Nell’intervista sulle pagine di Repubblica Francesco Paolantoni ha dichiarato di essere “single per legittima difesa”. Dopo la lunga relazione con Paola Cannatello, l’attore ha avuto altre relazioni: “Alla fine non sono in grado di sostenerle. Le donne richiedono attenzione continua: devi essere sempre presente, premuroso, non ti devi mai distrarre. Ed è un mestiere che non so fare. Non ce la facevo da giovane, figuriamoci adesso”. Inoltre, in un’intervista rilasciata ai microfoni di Fables Wedding Magazine, Paolantoni ha rivelato di non credere affatto al matrimonio: “Non credo nel matrimonio. Sono riuscito a capire che l’entusiasmo iniziale non dura per sempre, si trasforma in stanchezza e inimicizia”. Nonostante tutto, però, l’attore non si sente mai solo: “Ho molti amici: non necessariamente nel mondo dello spettacolo, che nel tempo libero non ho mai amato frequentare. E poi per strada la gente mi saluta, mi sorride, sento che mi vuole bene. È un dono meraviglioso che questo mestiere mi ha fatto”.

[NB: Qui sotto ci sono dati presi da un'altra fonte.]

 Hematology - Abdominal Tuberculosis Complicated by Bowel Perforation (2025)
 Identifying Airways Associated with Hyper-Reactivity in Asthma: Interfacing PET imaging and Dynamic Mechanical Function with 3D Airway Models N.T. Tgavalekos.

Chi è Francesco Paolantoni

Francesco Paolantoni è un noto attore e comico ospite questo pomeriggio a La volta buona, la trasmissione di Rai 1 condotta da Caterina Balivo. Molto riservato sulla sua vita privata, sappiamo che non è sposato e non ha figli. In passato però ha avuto una lunga storia d’amore con l’attrice Paola Cannatello. Stando alle dichiarazioni rilasciate nel corso degli anni l’attore ha fatto sapere di “non credere molto al matrimonio”. “Sono riuscito a capire che l’entusiasmo iniziale non dura per sempre, si trasforma in stanchezza e inimicizia”, aveva affermato tempo fa l’attore. A metà degli anni ’70 si è iscritta alla Scuola d’arte drammatica del Circolo artistico di Napoli. Successivamente ha girato l’Italia n varie compagnie teatrali. Nel 1986, insieme a Stefano Sarcinelli, ha portato in scena allo Zelig di Milano lo spettacolo Fame e si classifica primo al festival di Grottamare Cabaret amore mio
Intanto appare in diverse trasmissioni televisive, mentre il debutto cinematografico risale al 1985 con Blues metropolitano di Salvatore Piscicelli poi seguono Fatalità (1991) di Ninì Grassia con Nino D’Angelo. Seguono L’amore molesto (1995) di Mario Martone, Hotel Paura (1996) di Renato De Maria, Baci e abbracci (1998) di Paolo Virzì, Terra bruciata (1999) di Fabio Segatori e Liberate i pesci! (2000) di Cristina Comencini. Proprio grazie a quest’ultima apparizione si candida al Nastro d’argento come miglior attore non protagonista. E ancora: nel 2002 è tra i protagonisti di Bimba, esordio alla regia di Sabina Guzzanti e appare in alcuni episodi della soap Un posto al sole nel ruolo di Max Peluso. Dal 2016 è stato di frequente ospite di Stasera tutto è possibile.